Common Pressure Units Explained
The bar is widely used in engineering, meteorology, and compressed gas applications. One bar equals exactly 100,000 Pa and is close to standard atmospheric pressure (1 atm = 1.01325 bar). Tyre pressures in European countries are typically quoted in bar. PSI (pounds per square inch) is the preferred unit in the United States and United Kingdom for tyre pressures, hydraulic systems, and industrial applications. Standard atmospheric pressure is approximately 14.696 psi. The atmosphere (atm) is a historical unit equal to the average air pressure at sea level, still used in chemistry and physics for expressing gas pressures. One atm equals 101,325 Pa exactly.
Millimetres of mercury (mmHg) and its equivalent torr are used primarily in medicine for blood pressure measurement and in scientific vacuum applications. Blood pressure readings such as 120/80 mmHg describe the systolic and diastolic pressures of the cardiovascular system. One mmHg equals 133.322 Pa. Inches of mercury (inHg) is used in aviation and meteorology in the United States for reporting barometric pressure and altimeter settings. Kilopascals (kPa) are the standard for tyre pressures in many countries and for medical oxygen pressure systems.
Gauge Pressure vs Absolute Pressure
An important distinction in pressure measurement is between absolute pressure and gauge pressure. Absolute pressure is measured relative to a perfect vacuum (zero pressure). Gauge pressure is measured relative to the surrounding atmospheric pressure — it tells you how much the pressure exceeds atmospheric. A tyre inflated to 32 psi gauge pressure actually has an absolute pressure of about 46.7 psi (32 + 14.7 atmospheric). When a pressure reading is not specified as gauge or absolute, context usually makes it clear: tyre pressures and blood pressure are always gauge; atmospheric and altitude-related pressures are always absolute.

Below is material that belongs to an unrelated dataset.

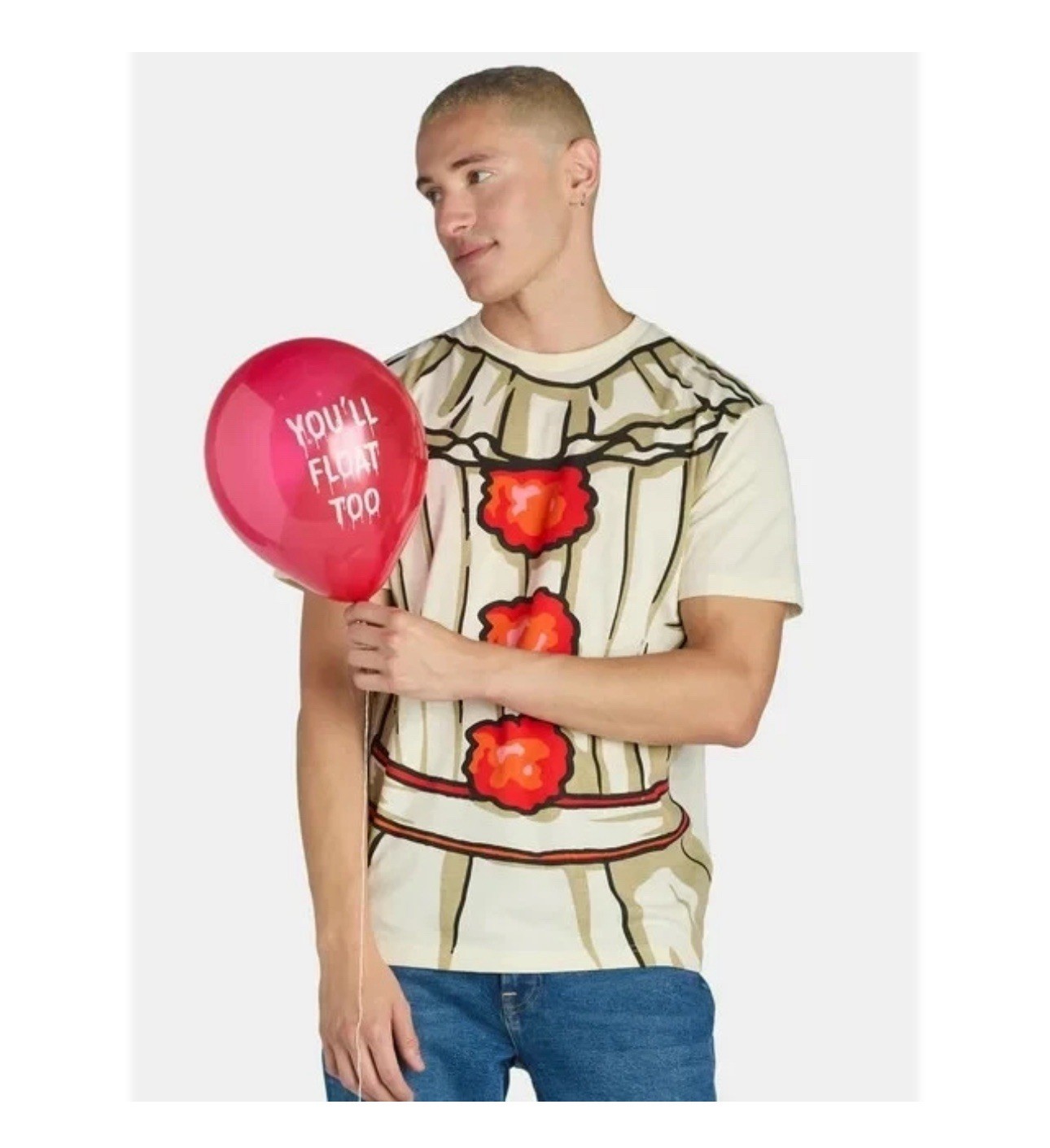 Pennywise IT Men's Halloween Graphic Costume Tee, Multicolor Size S(34/36) gallery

In engineering, the suffix "g" (e.g., psig) denotes gauge pressure, while "a" (e.g., psia) denotes absolute. Some industries use vacuum pressure — a negative gauge pressure — to describe pressures below atmospheric. A vacuum of 500 mmHg (torr) means the pressure is 500 mmHg less than atmospheric, or approximately 260 mmHg absolute. Getting gauge vs absolute wrong can introduce serious errors in calculations involving compressed gas, fluid systems, or industrial processes.
Practical Pressure References
Knowing a few reference pressures helps anchor unit conversions in reality. Standard atmospheric pressure is 101.325 kPa, 1.01325 bar, 14.696 psi, or 760 mmHg. Car tyre pressures typically range from 28 to 35 psi (193–241 kPa). Blood pressure: normal systolic pressure is around 120 mmHg (16 kPa), and normal diastolic is around 80 mmHg (10.7 kPa). A bicycle tyre at 80 psi (552 kPa) feels rock hard. A scuba diving tank at 200 bar (2,900 psi) holds enormous compressed air energy. The deepest ocean trenches reach pressures of over 1,000 bar (approximately 15,000 psi). Keeping these reference points in mind makes it easy to sanity-check a conversion result and catch errors before they cause problems.